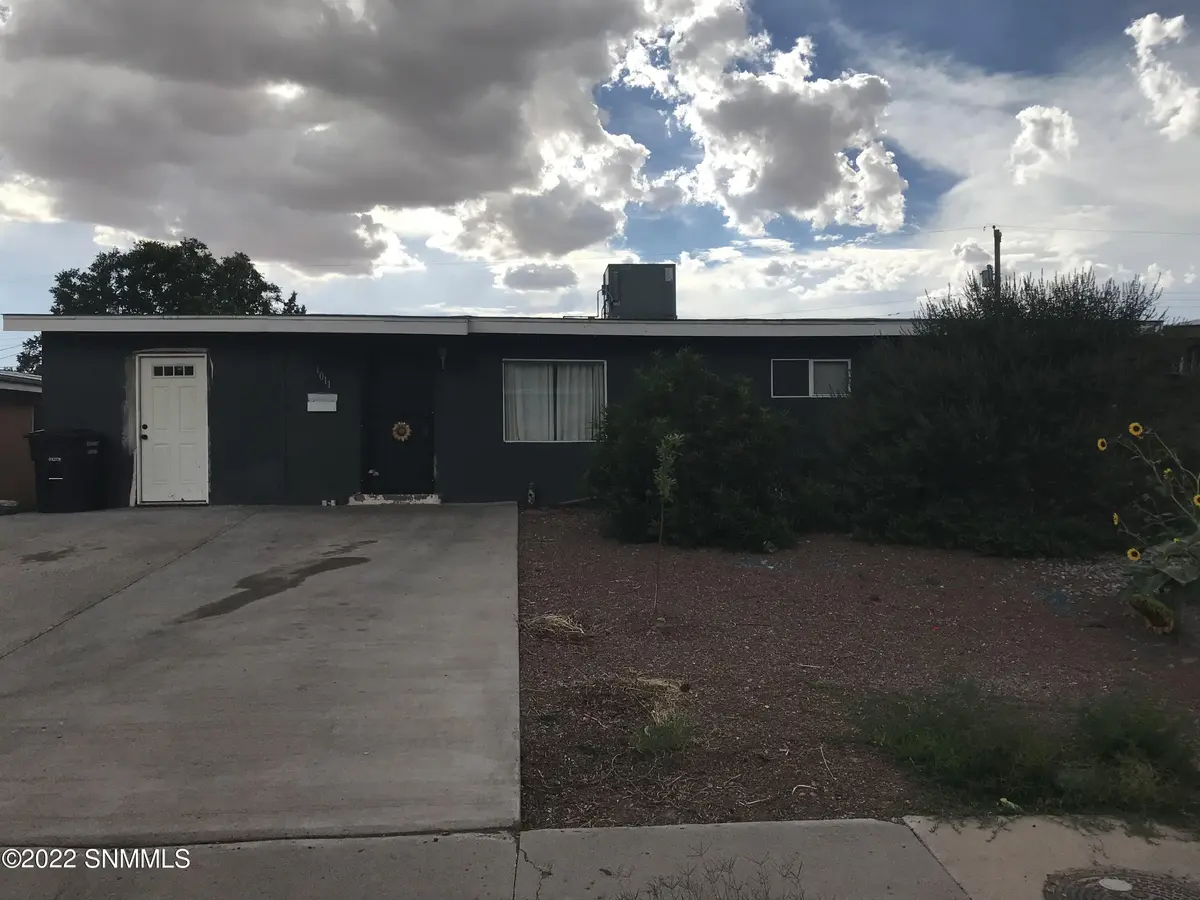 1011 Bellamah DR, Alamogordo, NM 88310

--

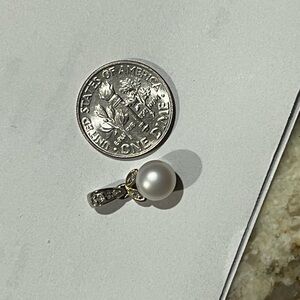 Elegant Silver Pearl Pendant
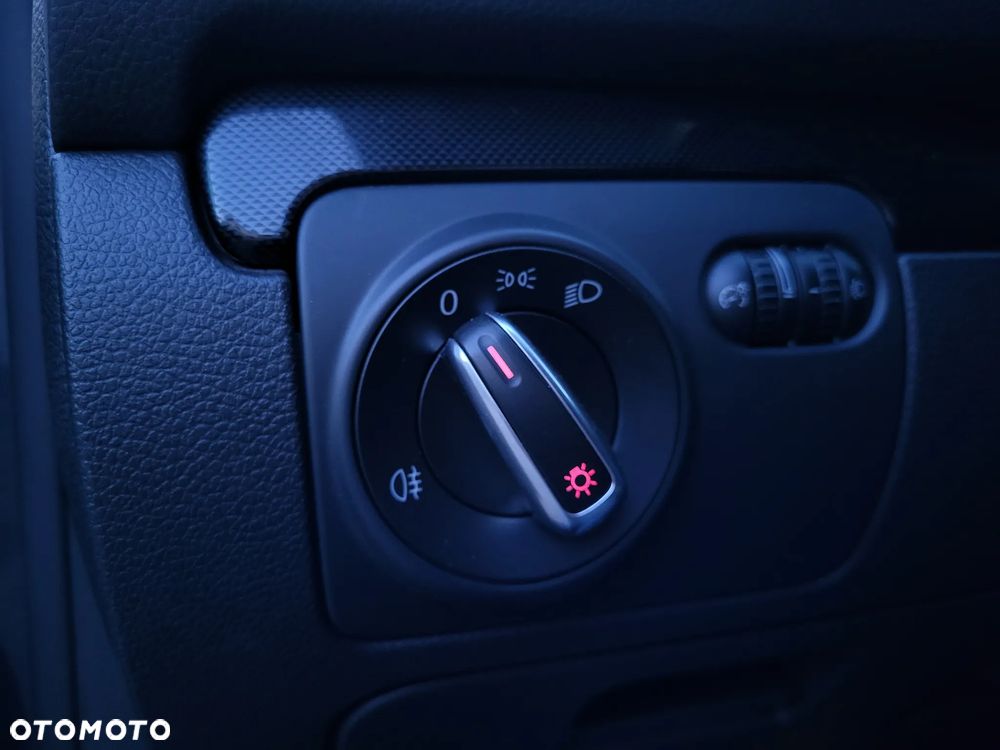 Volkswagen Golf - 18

---

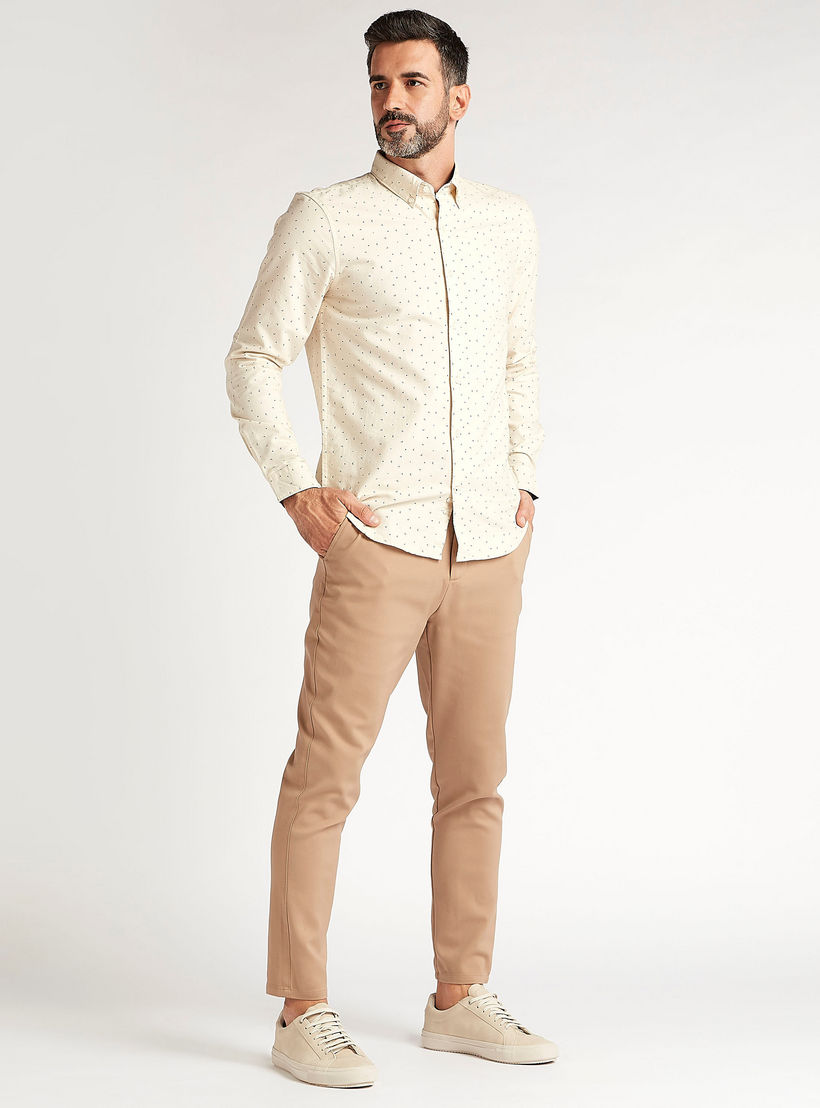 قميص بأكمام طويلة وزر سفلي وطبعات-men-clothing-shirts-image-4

• **Problem details**
Output exactly the lines above, beginning at the one with "Elegant Silver Pearl Pendant" and stopping after the one with "Volkswagen Golf - 18". Pictures are to be omitted.

• **Your response**
 Elegant Silver Pearl Pendant
 Volkswagen Golf - 18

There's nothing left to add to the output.